To say that all German nouns ending with “anz” are feminine would be inaccurate, but there is a grain of truth in that. All German nouns that have the suffix -anz are feminine, as in:
die Dominanz (dominance)
die Intoleranz (intolerance)
die Kulanz (goodwill, fairness)
die Resonanz (resonance)
There are about 400 such nouns. As you can see, they usually correspond to English nouns with the suffix -ance (because they both originally come from Latin words with the suffix -antia).
There are a small number of (rather uncommon) masculine nouns that end with “anz” that is not a suffix:
der Mummenschanz (a dated word for mummery, a performance in masks)
der Popanz (a person of overestimated dangerousness; may also refer to a person who appears to be powerful but is in fact controlled by others, i.e. a “puppet”)
All monosyllabic words that end with “anz” are masculine as well. Those are the following:
der Kranz (wreath, garland)
der Schwanz (tail)
der Tanz (dance)
Compound nouns derived from these, such as der Blumenkranz (floral wreath) or Schweineschwanz (pigtail), are all masculine as well. There are about 400 such compound nouns; that is, the number of masculine nouns ending with “anz” is about the same as the number of feminine nouns with the suffix -anz, but you will be able to recognize the masculine ones easily if you memorize the list above.

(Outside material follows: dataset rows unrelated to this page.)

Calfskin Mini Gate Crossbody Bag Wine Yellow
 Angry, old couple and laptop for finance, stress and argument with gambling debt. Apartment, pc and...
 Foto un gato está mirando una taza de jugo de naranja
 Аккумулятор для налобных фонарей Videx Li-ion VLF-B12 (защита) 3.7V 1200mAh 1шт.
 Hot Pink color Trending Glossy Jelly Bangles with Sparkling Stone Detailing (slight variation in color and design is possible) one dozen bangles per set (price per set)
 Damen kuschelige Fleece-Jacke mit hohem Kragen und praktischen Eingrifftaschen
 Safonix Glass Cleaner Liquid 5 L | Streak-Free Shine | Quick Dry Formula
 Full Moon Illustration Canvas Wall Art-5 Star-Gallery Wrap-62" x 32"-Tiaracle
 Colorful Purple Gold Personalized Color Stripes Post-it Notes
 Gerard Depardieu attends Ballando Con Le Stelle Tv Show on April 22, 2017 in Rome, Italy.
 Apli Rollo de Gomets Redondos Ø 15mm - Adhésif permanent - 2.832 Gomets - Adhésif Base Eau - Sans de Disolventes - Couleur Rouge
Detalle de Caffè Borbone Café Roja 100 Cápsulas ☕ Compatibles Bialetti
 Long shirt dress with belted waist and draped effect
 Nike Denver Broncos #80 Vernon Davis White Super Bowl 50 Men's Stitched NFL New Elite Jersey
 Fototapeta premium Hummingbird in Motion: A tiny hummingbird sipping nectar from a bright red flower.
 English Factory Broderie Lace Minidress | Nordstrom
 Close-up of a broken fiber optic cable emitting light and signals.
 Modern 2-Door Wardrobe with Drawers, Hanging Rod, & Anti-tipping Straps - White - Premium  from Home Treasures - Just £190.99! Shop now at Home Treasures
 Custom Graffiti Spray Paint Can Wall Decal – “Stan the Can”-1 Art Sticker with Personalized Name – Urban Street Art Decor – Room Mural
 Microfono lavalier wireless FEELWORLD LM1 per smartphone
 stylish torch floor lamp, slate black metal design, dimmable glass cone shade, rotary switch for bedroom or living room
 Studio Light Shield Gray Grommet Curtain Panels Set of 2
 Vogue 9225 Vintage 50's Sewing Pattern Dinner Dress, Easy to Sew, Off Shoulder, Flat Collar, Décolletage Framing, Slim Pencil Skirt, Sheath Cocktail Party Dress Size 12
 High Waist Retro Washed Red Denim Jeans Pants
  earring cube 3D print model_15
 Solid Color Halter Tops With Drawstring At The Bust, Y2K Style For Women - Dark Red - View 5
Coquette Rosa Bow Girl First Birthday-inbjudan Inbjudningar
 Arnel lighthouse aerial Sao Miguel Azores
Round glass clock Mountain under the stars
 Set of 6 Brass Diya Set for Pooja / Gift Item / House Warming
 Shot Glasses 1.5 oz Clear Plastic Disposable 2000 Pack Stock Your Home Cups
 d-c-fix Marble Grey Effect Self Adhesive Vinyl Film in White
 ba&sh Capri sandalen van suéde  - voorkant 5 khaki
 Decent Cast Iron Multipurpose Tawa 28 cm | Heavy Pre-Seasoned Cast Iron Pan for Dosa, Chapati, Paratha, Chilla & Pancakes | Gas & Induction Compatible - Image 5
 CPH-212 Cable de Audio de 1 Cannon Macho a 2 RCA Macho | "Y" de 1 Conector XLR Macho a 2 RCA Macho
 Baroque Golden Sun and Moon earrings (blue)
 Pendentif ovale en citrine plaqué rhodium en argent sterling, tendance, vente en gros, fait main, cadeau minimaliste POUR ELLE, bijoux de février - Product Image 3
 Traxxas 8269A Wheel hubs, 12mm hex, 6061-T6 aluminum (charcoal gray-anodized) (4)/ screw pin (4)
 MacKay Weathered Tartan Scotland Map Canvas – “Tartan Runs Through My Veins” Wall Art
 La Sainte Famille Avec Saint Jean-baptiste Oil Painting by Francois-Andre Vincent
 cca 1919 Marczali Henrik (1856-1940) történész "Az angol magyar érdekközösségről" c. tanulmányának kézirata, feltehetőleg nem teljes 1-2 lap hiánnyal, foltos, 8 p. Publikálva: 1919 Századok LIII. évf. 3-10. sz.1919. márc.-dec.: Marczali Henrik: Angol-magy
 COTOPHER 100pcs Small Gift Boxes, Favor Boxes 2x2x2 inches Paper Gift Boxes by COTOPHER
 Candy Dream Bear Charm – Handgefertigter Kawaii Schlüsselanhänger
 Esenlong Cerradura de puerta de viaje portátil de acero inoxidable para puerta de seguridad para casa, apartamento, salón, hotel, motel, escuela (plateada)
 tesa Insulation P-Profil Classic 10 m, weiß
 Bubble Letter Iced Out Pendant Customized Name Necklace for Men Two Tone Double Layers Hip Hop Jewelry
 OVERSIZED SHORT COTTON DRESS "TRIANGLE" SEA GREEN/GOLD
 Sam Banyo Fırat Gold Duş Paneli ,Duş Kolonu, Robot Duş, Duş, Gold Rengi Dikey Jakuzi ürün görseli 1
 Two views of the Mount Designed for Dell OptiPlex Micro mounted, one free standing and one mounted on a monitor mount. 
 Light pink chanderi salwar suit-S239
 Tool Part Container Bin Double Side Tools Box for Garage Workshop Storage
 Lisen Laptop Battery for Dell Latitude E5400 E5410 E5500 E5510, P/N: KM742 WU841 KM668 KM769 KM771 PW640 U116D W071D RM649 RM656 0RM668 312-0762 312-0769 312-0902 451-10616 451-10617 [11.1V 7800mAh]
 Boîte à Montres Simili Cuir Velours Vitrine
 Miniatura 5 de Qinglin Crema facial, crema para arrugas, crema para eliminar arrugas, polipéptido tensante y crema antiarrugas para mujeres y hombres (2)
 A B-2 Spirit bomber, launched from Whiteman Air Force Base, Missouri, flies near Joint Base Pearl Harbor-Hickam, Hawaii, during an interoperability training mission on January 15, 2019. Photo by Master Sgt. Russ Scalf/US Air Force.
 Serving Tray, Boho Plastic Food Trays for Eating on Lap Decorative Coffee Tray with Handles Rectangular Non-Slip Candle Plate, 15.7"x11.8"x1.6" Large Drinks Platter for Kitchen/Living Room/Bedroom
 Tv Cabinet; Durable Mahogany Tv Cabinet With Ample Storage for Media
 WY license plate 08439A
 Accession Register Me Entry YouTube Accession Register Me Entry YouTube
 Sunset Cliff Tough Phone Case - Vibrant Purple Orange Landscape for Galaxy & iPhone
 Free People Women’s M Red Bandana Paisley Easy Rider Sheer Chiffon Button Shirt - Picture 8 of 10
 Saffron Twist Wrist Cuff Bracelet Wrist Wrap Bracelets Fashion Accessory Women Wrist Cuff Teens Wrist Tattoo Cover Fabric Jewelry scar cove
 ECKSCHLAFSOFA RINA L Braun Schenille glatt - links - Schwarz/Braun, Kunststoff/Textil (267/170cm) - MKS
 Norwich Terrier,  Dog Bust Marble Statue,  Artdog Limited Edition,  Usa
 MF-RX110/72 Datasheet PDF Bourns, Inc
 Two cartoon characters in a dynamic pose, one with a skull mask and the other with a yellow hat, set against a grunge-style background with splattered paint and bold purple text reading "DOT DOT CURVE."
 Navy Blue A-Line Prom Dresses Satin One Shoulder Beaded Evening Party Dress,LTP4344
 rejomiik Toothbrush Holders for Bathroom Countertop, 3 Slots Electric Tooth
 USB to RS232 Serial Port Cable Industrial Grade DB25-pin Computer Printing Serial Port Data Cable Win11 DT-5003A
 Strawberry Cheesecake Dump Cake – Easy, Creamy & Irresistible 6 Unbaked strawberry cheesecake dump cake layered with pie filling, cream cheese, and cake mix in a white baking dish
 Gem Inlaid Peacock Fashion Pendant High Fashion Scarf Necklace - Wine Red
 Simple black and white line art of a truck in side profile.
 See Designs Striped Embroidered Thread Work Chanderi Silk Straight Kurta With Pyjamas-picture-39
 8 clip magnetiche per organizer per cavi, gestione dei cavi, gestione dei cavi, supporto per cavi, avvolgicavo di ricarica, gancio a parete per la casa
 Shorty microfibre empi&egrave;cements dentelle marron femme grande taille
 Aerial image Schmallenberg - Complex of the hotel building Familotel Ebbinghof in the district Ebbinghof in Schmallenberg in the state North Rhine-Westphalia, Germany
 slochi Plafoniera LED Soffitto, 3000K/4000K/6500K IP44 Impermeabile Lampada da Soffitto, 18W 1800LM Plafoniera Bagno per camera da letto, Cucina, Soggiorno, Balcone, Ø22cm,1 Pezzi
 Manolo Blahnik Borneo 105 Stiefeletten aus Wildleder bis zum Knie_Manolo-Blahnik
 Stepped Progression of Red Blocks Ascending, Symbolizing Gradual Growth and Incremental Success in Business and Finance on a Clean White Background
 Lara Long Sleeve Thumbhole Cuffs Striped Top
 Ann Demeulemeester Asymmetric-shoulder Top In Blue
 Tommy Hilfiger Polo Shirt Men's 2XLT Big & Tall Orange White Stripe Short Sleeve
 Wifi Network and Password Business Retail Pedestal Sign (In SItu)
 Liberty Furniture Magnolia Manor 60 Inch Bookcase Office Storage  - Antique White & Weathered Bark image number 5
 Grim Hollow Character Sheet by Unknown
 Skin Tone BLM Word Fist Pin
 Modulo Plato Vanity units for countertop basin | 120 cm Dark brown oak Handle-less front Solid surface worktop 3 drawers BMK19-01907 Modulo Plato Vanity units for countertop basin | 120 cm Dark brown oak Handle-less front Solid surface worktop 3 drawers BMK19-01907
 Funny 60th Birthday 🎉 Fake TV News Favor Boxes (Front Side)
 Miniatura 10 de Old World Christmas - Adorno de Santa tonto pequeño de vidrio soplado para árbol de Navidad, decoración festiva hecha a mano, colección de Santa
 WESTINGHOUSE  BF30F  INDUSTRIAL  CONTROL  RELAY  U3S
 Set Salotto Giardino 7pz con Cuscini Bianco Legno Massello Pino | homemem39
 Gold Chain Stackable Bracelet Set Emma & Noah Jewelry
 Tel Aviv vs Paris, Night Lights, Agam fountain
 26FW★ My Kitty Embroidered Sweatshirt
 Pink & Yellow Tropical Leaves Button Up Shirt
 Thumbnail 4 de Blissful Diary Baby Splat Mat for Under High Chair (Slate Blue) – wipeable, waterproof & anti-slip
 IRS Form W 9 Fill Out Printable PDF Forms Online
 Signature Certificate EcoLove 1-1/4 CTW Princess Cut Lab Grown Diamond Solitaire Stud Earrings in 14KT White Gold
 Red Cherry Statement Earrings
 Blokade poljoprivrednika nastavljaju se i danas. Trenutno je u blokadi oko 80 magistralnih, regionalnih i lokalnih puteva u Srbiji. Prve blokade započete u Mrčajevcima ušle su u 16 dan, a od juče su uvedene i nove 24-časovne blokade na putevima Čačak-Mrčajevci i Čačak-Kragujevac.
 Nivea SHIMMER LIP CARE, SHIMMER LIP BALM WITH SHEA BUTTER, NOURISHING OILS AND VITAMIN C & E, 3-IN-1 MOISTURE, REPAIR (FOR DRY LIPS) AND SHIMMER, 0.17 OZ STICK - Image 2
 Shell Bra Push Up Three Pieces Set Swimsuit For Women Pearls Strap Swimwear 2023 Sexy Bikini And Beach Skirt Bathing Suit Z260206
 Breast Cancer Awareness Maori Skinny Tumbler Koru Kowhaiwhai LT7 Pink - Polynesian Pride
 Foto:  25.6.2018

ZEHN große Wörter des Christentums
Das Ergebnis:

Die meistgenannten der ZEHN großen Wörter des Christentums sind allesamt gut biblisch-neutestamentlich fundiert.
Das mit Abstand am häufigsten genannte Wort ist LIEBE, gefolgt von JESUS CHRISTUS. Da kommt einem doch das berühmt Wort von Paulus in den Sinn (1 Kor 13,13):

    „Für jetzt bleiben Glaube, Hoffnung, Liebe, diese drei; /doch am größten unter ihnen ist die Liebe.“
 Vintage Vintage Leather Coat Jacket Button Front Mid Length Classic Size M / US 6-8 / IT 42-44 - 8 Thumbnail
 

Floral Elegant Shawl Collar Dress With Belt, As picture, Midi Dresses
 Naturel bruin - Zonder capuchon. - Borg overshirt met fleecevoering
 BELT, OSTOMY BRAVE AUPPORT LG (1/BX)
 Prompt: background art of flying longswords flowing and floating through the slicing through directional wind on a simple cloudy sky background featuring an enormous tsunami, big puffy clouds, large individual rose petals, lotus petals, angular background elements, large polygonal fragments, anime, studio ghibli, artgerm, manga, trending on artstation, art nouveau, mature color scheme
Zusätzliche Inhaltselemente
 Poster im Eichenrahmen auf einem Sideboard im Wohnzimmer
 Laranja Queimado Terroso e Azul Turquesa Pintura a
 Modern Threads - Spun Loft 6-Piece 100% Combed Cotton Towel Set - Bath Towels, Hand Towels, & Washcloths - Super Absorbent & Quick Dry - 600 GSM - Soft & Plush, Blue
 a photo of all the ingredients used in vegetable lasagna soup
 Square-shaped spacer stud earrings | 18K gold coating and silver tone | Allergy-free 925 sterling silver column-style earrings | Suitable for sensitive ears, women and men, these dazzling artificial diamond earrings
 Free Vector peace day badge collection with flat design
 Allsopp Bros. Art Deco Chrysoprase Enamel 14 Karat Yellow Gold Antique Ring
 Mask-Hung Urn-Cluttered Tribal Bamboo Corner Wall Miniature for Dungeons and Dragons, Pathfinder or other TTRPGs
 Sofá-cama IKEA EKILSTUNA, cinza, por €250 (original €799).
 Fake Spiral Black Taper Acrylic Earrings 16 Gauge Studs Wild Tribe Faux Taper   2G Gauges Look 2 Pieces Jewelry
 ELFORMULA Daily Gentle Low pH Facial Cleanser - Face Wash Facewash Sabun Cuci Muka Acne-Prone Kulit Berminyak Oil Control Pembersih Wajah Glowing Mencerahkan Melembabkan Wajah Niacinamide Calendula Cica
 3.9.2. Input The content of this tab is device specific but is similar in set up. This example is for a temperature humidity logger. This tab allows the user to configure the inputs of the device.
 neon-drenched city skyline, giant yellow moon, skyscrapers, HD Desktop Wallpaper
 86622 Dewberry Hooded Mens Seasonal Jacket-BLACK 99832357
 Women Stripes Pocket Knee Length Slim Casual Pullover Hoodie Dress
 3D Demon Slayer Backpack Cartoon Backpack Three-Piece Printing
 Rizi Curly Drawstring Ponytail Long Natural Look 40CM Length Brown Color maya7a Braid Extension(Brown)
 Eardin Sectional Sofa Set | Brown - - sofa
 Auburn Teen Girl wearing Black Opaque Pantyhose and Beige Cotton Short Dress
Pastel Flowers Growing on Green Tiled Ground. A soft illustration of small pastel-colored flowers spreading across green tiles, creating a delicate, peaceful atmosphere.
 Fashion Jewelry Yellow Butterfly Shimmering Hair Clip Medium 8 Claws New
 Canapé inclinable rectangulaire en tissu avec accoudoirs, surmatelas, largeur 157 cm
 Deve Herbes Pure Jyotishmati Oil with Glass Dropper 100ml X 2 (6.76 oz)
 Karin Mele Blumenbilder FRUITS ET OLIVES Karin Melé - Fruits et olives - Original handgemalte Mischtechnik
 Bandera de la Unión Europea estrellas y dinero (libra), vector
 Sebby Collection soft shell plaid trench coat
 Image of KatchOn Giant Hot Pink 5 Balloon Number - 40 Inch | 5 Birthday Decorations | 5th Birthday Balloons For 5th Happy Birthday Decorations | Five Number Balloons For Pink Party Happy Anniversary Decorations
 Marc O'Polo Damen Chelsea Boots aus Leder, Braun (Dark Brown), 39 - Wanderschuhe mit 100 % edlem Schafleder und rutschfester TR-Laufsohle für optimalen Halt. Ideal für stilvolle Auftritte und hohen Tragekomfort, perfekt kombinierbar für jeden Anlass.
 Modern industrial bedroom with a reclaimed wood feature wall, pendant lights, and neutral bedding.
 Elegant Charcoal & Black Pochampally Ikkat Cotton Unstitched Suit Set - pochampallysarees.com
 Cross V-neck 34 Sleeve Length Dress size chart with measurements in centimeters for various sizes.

Furthermore, two names of cities end with “anz”: Byzanz (an older name for Constantinople) and Konstanz (a city in Southern Germany). Both nouns are neuter, but since proper nouns are mostly used without articles, you will never see “das Konstanz”, but the article may appear when combined with adjectives, as in “das schöne Konstanz” (the beautiful Konstanz). Note: Don’t confuse the name of Konstanz with “die Konstanz”, which means “constancy, permanence”.